Syngenta received this strain from Aventis in April 2000.
Next Generation Sequencing
i) Illumina Hi-C sequencing 150 bp paired end data:
234,532,466 reads and 45x coverage.
ii) Illumina 10X sequencing 150 bp paired end data:
328,141,794 reads and 63x coverage.
iii) PacBio CLR data, of mean read length 11,591, total reads 11,066,056, read length N50 14,892, and total bases 128,275,638,188. DNA was extracted using DNAzol at Rothamsted Research (2250ng gDNA) and BluePippin purified before library preparation.
Non-sexed single-individual used for PacBio CLR (University of Maryland, USA), 10X genomics Illumina, and multi-individual for Hi-C Illumina sequencing (Arima Genomics USA). Falcon was used to assemble the PacBio CLR, with Juicer then 3d-dna using Hi-C data for chromosome level assembly. Haplotigs were removed (Redundans). Manual curation was done to bring the genome together and check for miss-assemblies. Unmapped reads were mapped back to the original assembly to check for missing sequence and incorporated into the final assembly. Error correction was done with Illumina 10X library data using freebayes.

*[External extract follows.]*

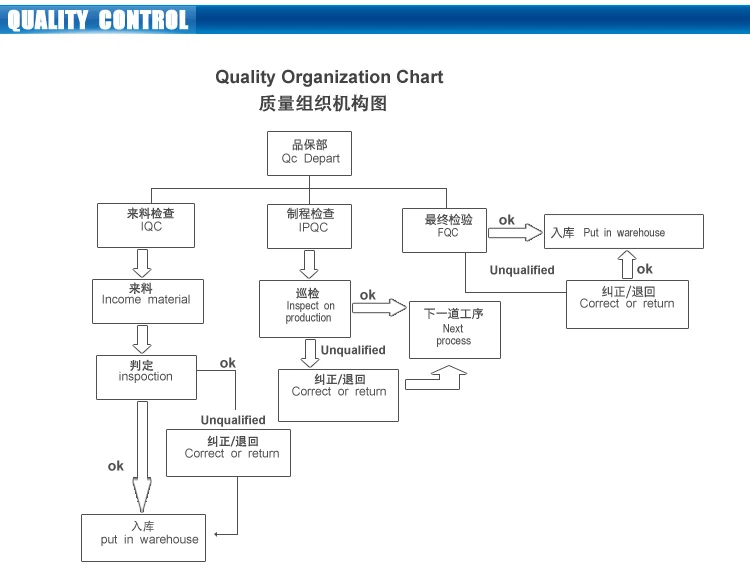 Quality Control Chart Quality Control Chart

RNA-seq data PRJNA89435 (midgut), PRJNA183730 (Parasitization by a braconid wasp, Cotesia chilonis), PRJNA375715 (6th instar larvae and prepupae), PRJNA551080 (adult) assembled with a BUSCO: C:99.5%[S:61.3%,D:38.2%],F:0.1%,M:0.4% and used in the Maker2 annotation pipeline with trained Augustus and Genemark gene predictors. PASA was used to update the gene models to add UTR, correct existing models and add isoforms. Non-coding RNA was annotated using Infernal v1.1.4.
A Pfam genomic track was created by converting to six reading frames and utilizing hmmer to identify loci of interest i.e. P450 pfam domains on the genome. Using this information, loci of interest including UDP, P450, ABC and IRAC gene models were found and curated using mapped RNA-seq and a Maker gene annotation.
An endosymbiont Enterobacter species was assembled (4,762,943 bp).